Die in den Abendblättern citirten oder nicht citirten
Zeitungen und Journale, die Kleist benutzte, sind
im Wesentlichen die folgenden: Der Moniteur, das
Journal de lEmpire, der Westphälische Moniteur; die
(Schweizer) Miscellen für die neueste Weltkunde, Schweizer
Nachrichten, Wiener Zeitung, Oesterreichischer Beobachter,
Frankfurter Staats Ristretto, Rheinischer Correspondent, der
(Nürnberger) Korrespondent von und für Deutschland, Alt. Merkur,
Hamburger Zeitung, Hamburger neue Zeitung, Hamburger Correspondent,
Hamburger Gemeinnützige Unterhaltungs-Blätter, Das Vaterländische
Museum, Liste der Börsen-Halle, Magdeburgische Zeitung, Hallisches
Wochenblatt, Königsbergische Zeitung, Der Freimüthige, Das
Morgenblatt, Die Zeitung für die elegante Welt, Allgemeine
Modenzeitung, Journal der Damen, Das Journal die Zeiten (von
Voß), Journal des Luxus und der Moden, Journal für Kunst und
Kunstsachen, Künsteleien und Moden, Archiv für Litteratur,
Kunst und Politik, Archiv für Geographie, Allgemeine Litteratur-Zeitung;
Alfred, Statesman, Morning Chronicle, Times, Traveller, The
Courier, Dubliner Evening-Post. Und andere. Kleist hat freilich
nicht alle Blätter in Händen gehabt, so wahrscheinlich nicht
die englischen Zeitungen. Die ihnen entnommenen Nachrichten
wurden ihm wohl durch andere Zeitungen vermittelt. Seine Hauptquelle
waren die Hamburger Journale und Zeitungen, darunter insbesondere
<398:> die Hamburger Liste der Börsen-Halle. Hamburg
zog, vermöge seiner Lage und Bedeutung, alle die nördlichen
Staaten berührenden Nachrichten früher, als jeder andere Ort,
an sich.
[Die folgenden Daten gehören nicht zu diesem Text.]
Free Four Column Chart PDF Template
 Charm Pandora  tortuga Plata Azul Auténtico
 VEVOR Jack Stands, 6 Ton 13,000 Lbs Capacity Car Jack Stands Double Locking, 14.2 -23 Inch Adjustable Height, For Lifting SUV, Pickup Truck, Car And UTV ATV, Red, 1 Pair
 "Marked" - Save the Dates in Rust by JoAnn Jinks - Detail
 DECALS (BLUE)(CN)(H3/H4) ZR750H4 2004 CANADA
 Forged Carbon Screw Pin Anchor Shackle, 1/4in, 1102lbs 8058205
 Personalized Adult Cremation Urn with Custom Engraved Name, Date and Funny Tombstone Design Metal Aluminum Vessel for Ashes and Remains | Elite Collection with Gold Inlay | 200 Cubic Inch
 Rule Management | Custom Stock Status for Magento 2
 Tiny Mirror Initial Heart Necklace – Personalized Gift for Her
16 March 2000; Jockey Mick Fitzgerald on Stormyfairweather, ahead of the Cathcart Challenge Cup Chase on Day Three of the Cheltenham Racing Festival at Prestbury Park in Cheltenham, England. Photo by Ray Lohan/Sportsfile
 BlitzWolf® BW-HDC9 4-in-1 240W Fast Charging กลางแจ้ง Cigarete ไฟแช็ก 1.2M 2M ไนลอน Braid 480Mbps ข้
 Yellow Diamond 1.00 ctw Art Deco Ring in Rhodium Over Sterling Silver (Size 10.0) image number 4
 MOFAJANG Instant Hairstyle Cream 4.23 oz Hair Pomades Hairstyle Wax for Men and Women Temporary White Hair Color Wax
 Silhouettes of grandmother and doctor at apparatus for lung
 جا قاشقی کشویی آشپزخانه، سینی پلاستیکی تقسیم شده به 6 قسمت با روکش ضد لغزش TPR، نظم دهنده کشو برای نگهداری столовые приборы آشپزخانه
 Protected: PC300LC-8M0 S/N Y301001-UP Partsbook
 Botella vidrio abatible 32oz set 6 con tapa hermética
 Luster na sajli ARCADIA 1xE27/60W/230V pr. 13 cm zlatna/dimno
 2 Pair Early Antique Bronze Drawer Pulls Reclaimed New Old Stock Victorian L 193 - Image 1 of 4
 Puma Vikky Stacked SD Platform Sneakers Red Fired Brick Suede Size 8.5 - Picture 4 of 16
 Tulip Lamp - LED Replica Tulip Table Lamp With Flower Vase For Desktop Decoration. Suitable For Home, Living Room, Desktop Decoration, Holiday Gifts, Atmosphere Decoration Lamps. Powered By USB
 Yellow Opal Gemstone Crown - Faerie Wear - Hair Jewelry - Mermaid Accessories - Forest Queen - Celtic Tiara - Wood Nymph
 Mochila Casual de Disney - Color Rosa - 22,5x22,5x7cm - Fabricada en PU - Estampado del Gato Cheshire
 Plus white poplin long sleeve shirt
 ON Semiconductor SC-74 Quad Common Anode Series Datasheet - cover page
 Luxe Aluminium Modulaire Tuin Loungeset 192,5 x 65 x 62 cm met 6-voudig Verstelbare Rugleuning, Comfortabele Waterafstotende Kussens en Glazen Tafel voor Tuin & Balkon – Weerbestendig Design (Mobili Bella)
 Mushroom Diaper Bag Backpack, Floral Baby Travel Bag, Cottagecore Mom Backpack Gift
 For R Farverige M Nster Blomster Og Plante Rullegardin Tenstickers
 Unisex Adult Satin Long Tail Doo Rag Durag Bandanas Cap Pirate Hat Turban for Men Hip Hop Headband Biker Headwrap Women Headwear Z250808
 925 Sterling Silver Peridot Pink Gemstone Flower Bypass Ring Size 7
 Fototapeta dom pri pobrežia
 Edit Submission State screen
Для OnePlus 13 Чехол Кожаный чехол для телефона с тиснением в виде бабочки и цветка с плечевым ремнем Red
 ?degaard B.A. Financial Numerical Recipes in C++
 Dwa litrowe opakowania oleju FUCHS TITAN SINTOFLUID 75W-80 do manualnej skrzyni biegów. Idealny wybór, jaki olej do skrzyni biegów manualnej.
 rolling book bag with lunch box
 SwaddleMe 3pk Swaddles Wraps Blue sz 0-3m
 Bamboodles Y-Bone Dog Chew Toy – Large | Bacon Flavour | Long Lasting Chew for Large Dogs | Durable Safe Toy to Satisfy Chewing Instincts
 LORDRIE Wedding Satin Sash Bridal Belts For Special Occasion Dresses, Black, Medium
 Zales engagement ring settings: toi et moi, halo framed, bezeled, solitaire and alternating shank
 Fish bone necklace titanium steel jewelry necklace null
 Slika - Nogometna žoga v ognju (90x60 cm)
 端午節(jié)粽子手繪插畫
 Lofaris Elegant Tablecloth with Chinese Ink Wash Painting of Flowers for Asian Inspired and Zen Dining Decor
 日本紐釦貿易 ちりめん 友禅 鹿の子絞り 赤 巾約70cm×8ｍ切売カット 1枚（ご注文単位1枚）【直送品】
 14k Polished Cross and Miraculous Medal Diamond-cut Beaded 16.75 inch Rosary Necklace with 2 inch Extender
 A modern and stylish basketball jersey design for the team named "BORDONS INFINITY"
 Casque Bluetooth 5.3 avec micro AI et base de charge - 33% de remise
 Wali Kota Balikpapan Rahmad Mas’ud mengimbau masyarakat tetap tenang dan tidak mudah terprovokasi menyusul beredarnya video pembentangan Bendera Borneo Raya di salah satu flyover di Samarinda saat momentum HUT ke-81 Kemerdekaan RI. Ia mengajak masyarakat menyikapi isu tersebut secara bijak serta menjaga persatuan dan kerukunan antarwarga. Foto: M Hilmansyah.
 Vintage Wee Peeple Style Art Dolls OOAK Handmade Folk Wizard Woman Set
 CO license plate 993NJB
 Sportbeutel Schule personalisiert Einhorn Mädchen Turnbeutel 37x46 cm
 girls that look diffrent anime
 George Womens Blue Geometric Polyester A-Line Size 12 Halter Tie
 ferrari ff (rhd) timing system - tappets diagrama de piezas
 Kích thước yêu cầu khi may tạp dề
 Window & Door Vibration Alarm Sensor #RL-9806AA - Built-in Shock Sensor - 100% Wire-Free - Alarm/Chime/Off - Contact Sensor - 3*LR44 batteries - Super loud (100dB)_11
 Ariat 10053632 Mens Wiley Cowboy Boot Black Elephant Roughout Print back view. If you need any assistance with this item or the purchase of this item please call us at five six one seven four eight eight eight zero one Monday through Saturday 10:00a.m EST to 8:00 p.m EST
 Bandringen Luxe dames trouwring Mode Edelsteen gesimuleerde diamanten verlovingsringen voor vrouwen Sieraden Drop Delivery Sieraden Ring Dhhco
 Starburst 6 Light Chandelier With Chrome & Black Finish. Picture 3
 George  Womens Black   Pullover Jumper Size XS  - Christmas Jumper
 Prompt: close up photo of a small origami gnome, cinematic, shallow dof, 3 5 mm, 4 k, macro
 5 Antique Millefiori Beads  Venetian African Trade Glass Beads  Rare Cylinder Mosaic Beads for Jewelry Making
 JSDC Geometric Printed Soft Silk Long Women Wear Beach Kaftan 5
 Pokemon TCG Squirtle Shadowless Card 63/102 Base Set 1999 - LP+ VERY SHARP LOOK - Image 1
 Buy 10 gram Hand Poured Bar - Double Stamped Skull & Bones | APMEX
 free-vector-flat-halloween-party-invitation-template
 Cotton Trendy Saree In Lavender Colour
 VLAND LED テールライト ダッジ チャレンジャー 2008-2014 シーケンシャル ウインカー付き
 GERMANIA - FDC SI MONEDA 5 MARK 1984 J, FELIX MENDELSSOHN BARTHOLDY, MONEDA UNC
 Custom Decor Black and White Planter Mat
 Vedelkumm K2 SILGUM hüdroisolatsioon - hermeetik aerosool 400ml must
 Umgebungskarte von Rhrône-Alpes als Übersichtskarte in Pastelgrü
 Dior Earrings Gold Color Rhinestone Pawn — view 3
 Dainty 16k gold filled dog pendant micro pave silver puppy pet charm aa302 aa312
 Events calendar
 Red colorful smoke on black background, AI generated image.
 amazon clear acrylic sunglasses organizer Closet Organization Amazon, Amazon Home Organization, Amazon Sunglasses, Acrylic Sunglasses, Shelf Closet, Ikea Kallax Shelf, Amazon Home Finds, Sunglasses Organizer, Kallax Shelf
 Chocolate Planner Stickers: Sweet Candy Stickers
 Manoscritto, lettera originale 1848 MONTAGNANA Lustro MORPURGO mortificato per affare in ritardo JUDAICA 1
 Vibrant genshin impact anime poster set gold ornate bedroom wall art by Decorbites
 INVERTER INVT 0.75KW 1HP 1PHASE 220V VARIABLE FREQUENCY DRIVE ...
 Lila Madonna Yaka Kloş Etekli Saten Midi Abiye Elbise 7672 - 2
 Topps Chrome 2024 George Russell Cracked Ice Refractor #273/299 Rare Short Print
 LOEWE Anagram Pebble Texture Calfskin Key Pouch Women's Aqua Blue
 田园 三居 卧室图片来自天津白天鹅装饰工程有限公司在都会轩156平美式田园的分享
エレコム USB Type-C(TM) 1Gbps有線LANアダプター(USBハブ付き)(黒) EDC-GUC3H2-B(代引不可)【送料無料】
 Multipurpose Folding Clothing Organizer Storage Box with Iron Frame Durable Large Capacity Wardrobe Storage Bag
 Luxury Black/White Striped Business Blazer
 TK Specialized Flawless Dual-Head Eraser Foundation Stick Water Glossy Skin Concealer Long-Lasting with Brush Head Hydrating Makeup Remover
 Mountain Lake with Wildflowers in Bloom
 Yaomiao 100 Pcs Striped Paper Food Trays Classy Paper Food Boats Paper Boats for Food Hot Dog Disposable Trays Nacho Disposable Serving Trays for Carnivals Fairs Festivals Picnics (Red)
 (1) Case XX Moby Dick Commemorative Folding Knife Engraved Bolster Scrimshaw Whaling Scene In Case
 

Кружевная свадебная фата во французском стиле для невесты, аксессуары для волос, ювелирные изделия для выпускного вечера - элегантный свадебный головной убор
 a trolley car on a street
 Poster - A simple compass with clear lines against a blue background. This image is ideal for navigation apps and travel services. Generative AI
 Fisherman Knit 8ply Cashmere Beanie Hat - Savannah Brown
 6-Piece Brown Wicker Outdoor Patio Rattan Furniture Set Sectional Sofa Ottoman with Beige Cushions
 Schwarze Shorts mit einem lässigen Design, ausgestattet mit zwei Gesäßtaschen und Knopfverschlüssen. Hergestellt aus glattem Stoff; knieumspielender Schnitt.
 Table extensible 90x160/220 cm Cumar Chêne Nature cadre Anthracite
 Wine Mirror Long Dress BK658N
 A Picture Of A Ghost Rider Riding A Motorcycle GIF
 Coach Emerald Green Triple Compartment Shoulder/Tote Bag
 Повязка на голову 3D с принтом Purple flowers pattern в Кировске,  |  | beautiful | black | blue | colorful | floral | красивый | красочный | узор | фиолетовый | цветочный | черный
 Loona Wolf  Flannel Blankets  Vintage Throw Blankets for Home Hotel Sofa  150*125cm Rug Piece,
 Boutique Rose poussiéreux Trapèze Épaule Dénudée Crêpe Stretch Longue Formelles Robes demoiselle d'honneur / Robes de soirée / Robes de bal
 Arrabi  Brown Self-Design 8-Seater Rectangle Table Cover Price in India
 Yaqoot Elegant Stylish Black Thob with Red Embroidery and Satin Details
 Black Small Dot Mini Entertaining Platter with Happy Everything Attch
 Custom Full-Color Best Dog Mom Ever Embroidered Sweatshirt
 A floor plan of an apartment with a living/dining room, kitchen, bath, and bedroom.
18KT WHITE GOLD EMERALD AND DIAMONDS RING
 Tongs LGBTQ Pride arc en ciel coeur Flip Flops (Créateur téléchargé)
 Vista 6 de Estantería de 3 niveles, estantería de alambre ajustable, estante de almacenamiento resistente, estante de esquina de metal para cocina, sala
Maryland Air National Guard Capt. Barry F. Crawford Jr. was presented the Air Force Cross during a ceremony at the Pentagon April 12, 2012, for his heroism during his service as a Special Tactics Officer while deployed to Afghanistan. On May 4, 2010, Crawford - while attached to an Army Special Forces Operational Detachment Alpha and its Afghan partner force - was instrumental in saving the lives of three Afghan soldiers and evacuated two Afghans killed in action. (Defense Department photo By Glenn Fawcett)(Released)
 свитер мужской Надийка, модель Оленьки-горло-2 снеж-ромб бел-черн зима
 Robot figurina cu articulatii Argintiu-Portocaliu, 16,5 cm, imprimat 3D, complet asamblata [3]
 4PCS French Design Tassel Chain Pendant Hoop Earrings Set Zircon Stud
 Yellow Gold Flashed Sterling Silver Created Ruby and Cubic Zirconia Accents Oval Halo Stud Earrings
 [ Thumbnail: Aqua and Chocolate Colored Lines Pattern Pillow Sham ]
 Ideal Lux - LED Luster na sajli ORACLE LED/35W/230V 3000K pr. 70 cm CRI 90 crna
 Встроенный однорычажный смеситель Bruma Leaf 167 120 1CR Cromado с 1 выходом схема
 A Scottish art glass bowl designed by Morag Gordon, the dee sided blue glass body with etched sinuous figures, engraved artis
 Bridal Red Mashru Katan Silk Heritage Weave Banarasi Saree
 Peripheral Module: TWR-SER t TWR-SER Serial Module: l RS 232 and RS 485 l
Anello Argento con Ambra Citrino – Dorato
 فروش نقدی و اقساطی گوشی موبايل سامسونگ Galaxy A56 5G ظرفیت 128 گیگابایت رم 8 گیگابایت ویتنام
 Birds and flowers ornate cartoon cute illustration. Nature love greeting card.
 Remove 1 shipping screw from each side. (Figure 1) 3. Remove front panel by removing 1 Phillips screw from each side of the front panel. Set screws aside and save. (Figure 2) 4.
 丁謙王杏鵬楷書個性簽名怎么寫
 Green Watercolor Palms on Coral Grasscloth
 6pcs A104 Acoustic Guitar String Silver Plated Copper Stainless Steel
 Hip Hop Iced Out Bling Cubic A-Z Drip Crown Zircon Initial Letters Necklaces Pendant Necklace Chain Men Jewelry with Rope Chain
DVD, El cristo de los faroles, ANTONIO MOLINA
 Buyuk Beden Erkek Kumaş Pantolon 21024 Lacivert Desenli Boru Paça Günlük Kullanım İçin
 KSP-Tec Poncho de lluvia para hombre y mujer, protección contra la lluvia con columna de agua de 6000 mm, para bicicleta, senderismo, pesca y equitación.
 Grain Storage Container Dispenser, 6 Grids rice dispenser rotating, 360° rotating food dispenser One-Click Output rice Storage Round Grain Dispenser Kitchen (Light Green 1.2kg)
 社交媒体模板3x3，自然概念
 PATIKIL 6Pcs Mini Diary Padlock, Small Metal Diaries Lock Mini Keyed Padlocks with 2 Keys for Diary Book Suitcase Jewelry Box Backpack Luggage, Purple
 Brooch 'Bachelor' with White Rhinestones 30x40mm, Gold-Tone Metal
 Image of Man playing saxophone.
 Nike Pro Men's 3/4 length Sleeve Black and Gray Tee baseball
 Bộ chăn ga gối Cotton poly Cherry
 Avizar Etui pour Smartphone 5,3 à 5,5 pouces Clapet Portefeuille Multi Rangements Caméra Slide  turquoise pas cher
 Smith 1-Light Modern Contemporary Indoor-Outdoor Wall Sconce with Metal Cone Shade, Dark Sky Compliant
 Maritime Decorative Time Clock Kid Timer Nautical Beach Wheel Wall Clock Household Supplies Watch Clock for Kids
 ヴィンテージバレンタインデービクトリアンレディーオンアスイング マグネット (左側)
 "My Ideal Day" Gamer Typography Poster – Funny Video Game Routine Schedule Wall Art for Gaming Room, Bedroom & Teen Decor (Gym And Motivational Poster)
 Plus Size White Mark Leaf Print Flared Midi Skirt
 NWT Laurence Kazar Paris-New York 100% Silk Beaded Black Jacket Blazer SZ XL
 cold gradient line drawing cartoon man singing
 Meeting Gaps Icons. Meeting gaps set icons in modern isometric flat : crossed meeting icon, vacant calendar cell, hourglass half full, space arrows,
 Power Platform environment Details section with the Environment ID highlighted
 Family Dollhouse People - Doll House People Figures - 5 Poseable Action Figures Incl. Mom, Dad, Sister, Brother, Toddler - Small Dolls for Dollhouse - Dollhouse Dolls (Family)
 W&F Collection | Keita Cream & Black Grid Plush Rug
Selbst Moniteur und Journal de lEmpire kamen,
wie es scheint, über Holland schneller nach Hamburg und von
da nach Berlin, als auf der inländischen Militärstraße über
den Rhein, Cassel, Magdeburg nach Berlin: so daß meist in
den Berliner Abendblättern die Nachrichten der französischen
Blätter nach dem schon übersetzten Texte der Hamburger Zeitungen
erschienen, ohne daß jedoch daneben die Originalbenutzung
der Pariser Organe ausgeschlossen gewesen wäre. Für Nachrichten
aus dem südlichen, rheinbündischen Deutschland wurde der Nürnberger
Korrespondent die eigentliche Quelle Kleists.